La muerte de José Luis López Vázquez me ha hecho recordar una reflexión que me he hecho varias veces y que siempre me causa cierta desazón (o pasmo, incluso).
Quizás sea porque soy muy carca, antiguo, o incluso igual es que soy un franquista de tomo y lomo tal y como algunas gentes se han atrevido a afirmar, pero el caso es que el cine español que más me gusta se hizo durante la dictadura.
Échenle un vistazo por ejemplo a Berlanga. ¿Qué prefieren; "El verdugo" (1963), "Bienvenido Mr. Marshall" (1953), "Plácido" (1961)? ¿o bien sus películas más modernas como "Moros y cristianos" (1987), "Todos a la cárcel" (1993) o "París-Tombuctú" (1999)?
Es curioso como durante el franquismo se hicieron muchas producciones de género como "Muerte de un ciclista" (policiaca) o "La Torre de los siete jorobados" (terror) - y muchas otras-. Este tipo de películas no se ha retomado en nuestro cine hasta hace relativamente pocos años y con resultados desiguales (salvando las excepciones que ustedes quieran).
Pero el género estrella del franquismo por lo menos en los primeros años, hasta que llegó el meloso y conformista cine musical - Joselito, Marisol- y las pacatas y ultraconservadoras comedias de Paco Mártínez Soria (pero divertidas las jodías, mal que me pese), fue lo que podríamos llamar "Tragicomedia Social".

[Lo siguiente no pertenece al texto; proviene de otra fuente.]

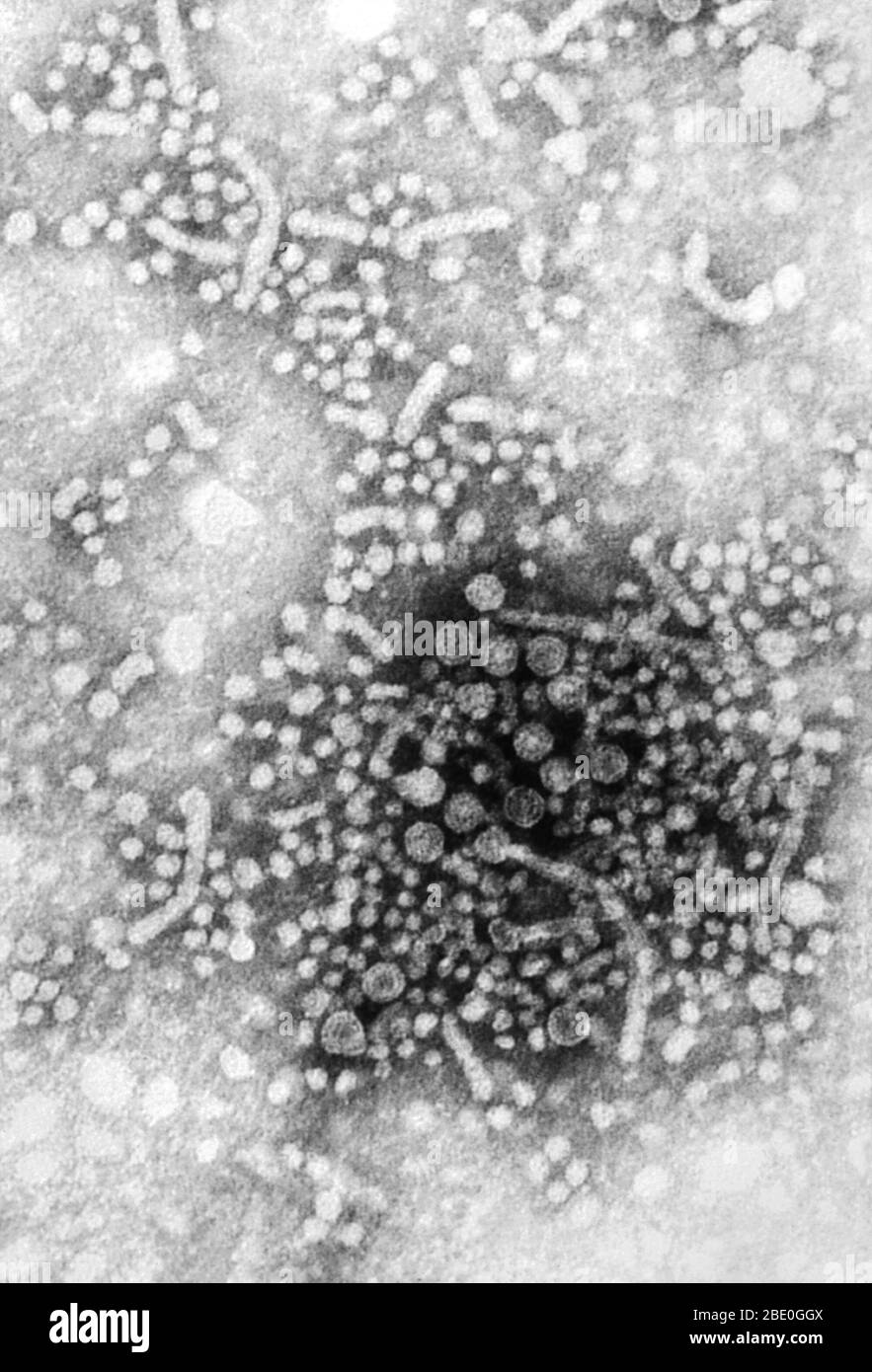 Micrografía electrónica de transmisión con tinción negativa (TEM) de numerosos viriones del virus de la hepatitis B (VHB), también conocidos como partículas de Dane. El VHB contiene un genoma de ADN y es miembro de la familia de virus conocidos como Hepadnaviridae. Es la causa de una enfermedad grave que ataca el hígado y una infección que puede durar toda la vida, conocida como cirrosis (cicatrización) del hígado, cáncer de hígado, insuficiencia hepática y muerte. Foto de stock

Ya he nombrado la trilogía de Berlanga que constituye posiblemente la obra maestra del género, ya he dicho en el blog de
Daniel que, para mi, "El verdugo" es la mejor película del cine español (es una opinión como otra cualquiera), pero recordemos estremecedoras obras como "El pisito", "El cochecito" (inolvidable Pepe Isbert) o "Historias de la radio" (también con Isbert).
Eran historias tremendas, que mezclaban magistralmente la tragedia más cruda con la comedia más aguda, de forma que muchas veces te sorprendías riendo con un nudo en la garganta.
Como en aquella ridícula (y abrumadoramente triste) escena de "Historias de la radio" en la que dos ancianos llevados por la miseria acuden a la radio vestidos de esquimales (con trineo y todo, creo recordar) para ganar unas pesetas en un absurdo concurso radiofónico, y acaban peleando de forma patética en las escaleras llevados por el ansia (y la necesidad) de llegar el primero.
Aquellas películas conseguían con habilidad esquivar una censura ignorante y obsesionada hasta límites absurdos con la más mínima referencia sexual para mostranos una cara extraordinariamente patética y descarnada de esa España atrasada, pobre y cruel.
¿Por qué cineastas extraordinariamente brillantes como Berlanga se mostraron luego mediocres cuando llegó la democracia?
¿Es posible - y voy a decir una burrada- que la censura "les viniera bien"? ¿Es posible que los censores les hicieran ser sutiles, ingeniosos y agudos y perdieran esa brillantez cuando vieron el campo abierto a su expresividad?
No lo sé, pero si fuera así, sería una gran desgracia que las trabas y límites a la libertad de expresión fueran acicates para sacar lo mejor de un artista.